Along the same lines,
ls -al | sort -g -r -k 5 | head -10
will report the 10 largest files, sorted by size, in your current dirrectory. (-g tells it to use the general numeric sort rather than the dictionary order sort.)
How can I find out the user ID of the currently logged in user? Is there a difference between who am i and whoami?
The answer to the first part of the question follows from the question itself: use who am i or whoami.
The answer to the second part of the question is, yes:
who am i
displays
bilokon pts/2 Jan 26 14:42 (foo.bar.baz.com)
whereas
whoami
displays simply
bilokon
The latter may be more useful in backticks:
echo I am `whoami`
displays
I am bilokon
I want to create a directory foo/bar/baz but I don't know whether foo and foo/bar exist
Use
mkdir -p foo/bar/baz
This will create foo, foo/bar, and then foo/bar/baz and do nothing (without complaining) if they already exist.
Obtaining shell script's full path
Can a shell script determine the full path to itself? Yes, as follows:
#!/bin/csh echo "My path:" echo "--------" echo `readlink -f $0`
Or, if you want to save this path,
set DIR_THIS_SCRIPT=`readlink -f $0` echo $DIR_THIS_SCRIPT
What if we want the path to the containing directory?
set PATH_THIS_SCRIPT=`readlink -f $0` echo $PATH_THIS_SCRIPT set PATH_THIS_SCRIPT_DIR=`dirname $PATH_THIS_SCRIPT` echo $PATH_THIS_SCRIPT_DIR
Finding all files in a given directory subtree that match a specified pattern
You can use something like this:
find -name "*.gz"
If you are in /foo, this will look inside /foo, /foo/bar, /foo/bar/baz, etc.

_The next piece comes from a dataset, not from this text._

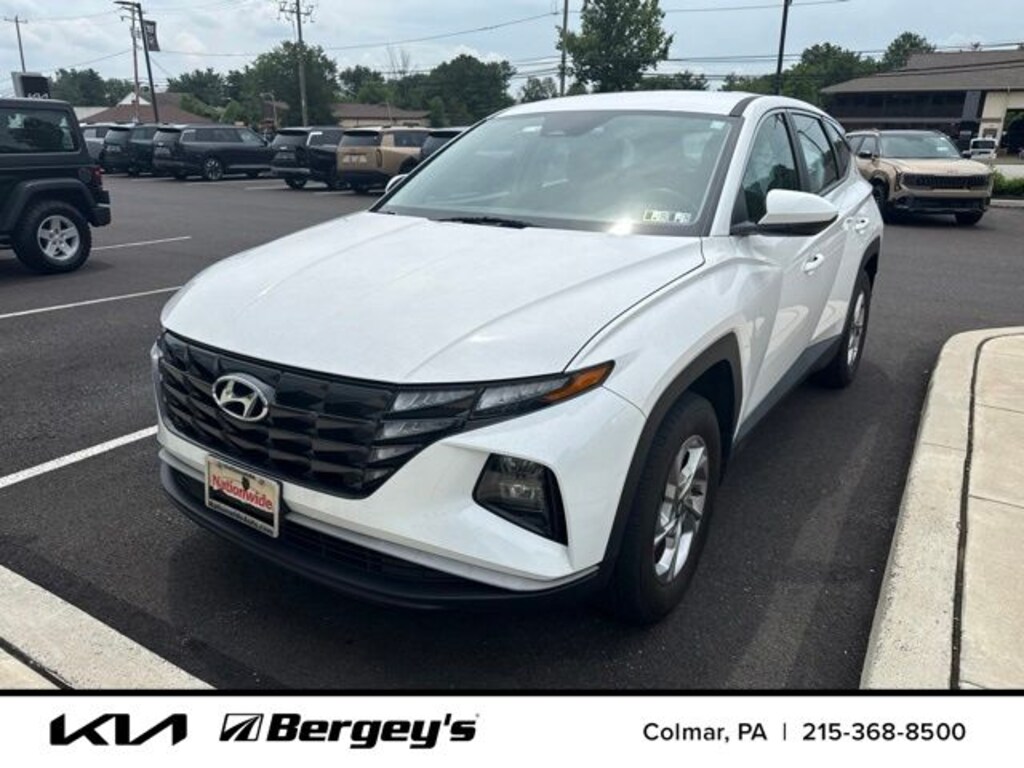 Used 2024 Hyundai Tucson SE SUV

If you want to count the files, use
find -name "*.gz" | wc -l
Listing directory contents one file per line
ls -1
Finding out how much memory there is on a machine
vmstat -s -S k
This will display something like
16807600 k total memory
16743662 k used memory
1967300 k active memory
8966222 k inactive memory
63938 k free memory
117428 k buffer memory
8899985 k swap cache
18227212 k total swap
212 k used swap
18227000 k free swap
11707612 non-nice user cpu ticks
2363 nice user cpu ticks
20877755 system cpu ticks
6209150782 idle cpu ticks
6218002 IO-wait cpu ticks
136901 IRQ cpu ticks
797432 softirq cpu ticks
20214961 pages paged in
987134283 pages paged out
0 pages swapped in
52 pages swapped out
1313489012 interrupts
3283339599 CPU context switches
1217830213 boot time
99998296 forks
where the units are 1000's (NOT 1024's!) or bytes.
Finding out how much memory is used by a process
Assuming that you know the PID (process ID), which you can obtain by running ps aux, you can use
pmap 12570
where you should replace 12570 with your process ID.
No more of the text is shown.